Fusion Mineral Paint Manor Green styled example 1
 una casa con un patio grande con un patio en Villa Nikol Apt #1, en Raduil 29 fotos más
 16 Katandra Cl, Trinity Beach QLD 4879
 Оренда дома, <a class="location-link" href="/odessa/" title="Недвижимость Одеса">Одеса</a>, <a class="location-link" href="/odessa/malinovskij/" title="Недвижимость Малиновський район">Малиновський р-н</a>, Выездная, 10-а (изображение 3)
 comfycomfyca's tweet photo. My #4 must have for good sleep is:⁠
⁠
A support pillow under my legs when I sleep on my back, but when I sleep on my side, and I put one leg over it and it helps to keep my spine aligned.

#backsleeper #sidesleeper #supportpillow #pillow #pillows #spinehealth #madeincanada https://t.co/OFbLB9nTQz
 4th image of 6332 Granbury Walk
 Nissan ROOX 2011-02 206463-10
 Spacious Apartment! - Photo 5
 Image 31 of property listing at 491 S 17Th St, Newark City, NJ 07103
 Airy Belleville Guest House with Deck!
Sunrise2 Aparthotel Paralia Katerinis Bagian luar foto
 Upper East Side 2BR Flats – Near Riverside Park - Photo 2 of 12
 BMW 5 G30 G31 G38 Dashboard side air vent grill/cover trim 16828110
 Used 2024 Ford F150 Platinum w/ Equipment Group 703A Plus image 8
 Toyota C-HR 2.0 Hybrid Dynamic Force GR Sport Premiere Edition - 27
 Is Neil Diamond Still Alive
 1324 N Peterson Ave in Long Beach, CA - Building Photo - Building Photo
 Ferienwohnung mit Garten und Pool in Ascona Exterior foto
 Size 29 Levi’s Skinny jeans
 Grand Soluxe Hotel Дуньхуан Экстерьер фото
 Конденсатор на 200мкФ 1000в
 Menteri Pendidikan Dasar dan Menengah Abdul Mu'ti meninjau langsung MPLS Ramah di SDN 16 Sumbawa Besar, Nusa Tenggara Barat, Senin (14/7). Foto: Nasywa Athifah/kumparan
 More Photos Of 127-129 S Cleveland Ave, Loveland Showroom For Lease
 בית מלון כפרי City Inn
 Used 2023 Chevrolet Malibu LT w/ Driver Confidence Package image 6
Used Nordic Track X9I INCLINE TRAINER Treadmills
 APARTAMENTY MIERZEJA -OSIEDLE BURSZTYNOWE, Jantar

====

§ **WHAT THE TASK REQUIRES**:
Show each line of the records above containing "Beach".

§ **TASK RESPONSE**:
 16 Katandra Cl, Trinity Beach QLD 4879
 1324 N Peterson Ave in Long Beach, CA - Building Photo - Building Photo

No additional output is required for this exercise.